I am new to AVR programming, and I am trying to implement a sharp right turn using atmega8. I was able to implement the straight line path but cannot implement a sharp right turn. Here is my code:

`#include <avr/io.h>
#include<util/delay.h>

int main(void)
{
    DDRC=0b00000000;
    DDRB=0b11111111;
    int count=1,right=1;
    while(1)
    {
        if((PINC&=0b00011111)==0b00000000)
        {
            PORTB=0b00000110;
     }
    else if((PINC&=0b00011111)==0b00001110)
    {
        PORTB=0&00100111;
    }
    else if((PINC&=0b00011111)==0b00001100)
    {
        PORTB=0b00000111;
    }
    else if((PINC&=0b00011111)==0b00000110)
    {
        PORTB=0b00100110;
    }
    else if((PINC&=0b00011111)==0b00001111)
    {
        if(count)
        {
        PORTB=0b0010011;
        _delay_ms(200);
        count--;
        }       
        else if(((PINC&=0b00011111)==0b00000110)&&~(count))
        {
            PORTB=0B00000111;
        }           

    }
    else if((PINC&=0b00011111)==0b00011110)
    {
        if(right)
        {
            PORTB=0b0010011;
            _delay_ms(200);
            right--;
        }
        else if(((PINC&=0b00011111)==0b00000110)&&~(right))
        {
            PORTB=0B00100110;
        }

    }
    }   
}

This doesn't seem to work at all for right and left turns.
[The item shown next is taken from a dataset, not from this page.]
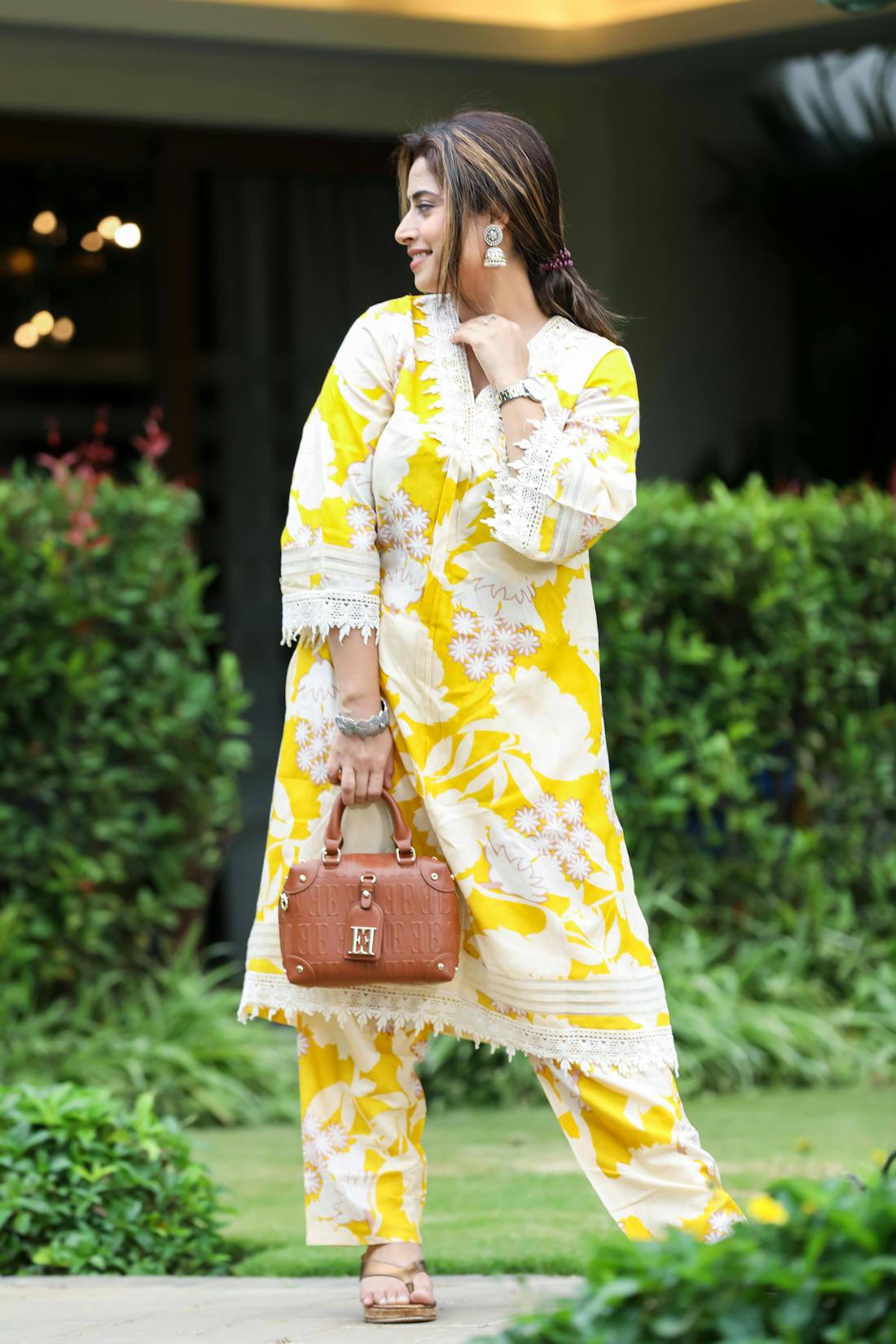 Vibrant yellow floral kurti with high-low hemline and contrast piping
Any idea where I am going wrong?

Answer 1

Without understanding your Program (see my Comment above) iam guessing it is because you permanently write to your PIN-regsiters in the if-clauses.

PINC&=0b00011111 means:

• read PINC-value
• binary AND it with 0b00011111
• write the result back to PINC

Depending on which AVR your code is running you toggle the output by writing a 1 to a PINX-register bit. If DDR is configured to input you toggle the pullups. This is true for the newer AVR-cores. For the old one its undefined behavior to write to the PIN-registers as they are defined as read-only.